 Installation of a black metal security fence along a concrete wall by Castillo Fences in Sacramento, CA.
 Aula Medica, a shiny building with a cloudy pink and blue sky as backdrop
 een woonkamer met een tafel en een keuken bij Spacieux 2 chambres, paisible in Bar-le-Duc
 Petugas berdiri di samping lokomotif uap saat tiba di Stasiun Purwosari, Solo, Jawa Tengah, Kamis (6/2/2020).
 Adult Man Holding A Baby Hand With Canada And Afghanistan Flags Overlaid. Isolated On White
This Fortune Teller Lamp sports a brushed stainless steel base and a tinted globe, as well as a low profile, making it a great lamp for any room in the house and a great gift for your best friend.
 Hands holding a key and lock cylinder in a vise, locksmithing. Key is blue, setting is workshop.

# # #

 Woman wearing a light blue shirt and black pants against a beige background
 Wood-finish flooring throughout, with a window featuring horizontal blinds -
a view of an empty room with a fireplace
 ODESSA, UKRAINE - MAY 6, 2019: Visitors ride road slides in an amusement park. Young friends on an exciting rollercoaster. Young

# # #

Scan the material for lines with the word "black", and copy each line you find.

 Installation of a black metal security fence along a concrete wall by Castillo Fences in Sacramento, CA.
 Woman wearing a light blue shirt and black pants against a beige background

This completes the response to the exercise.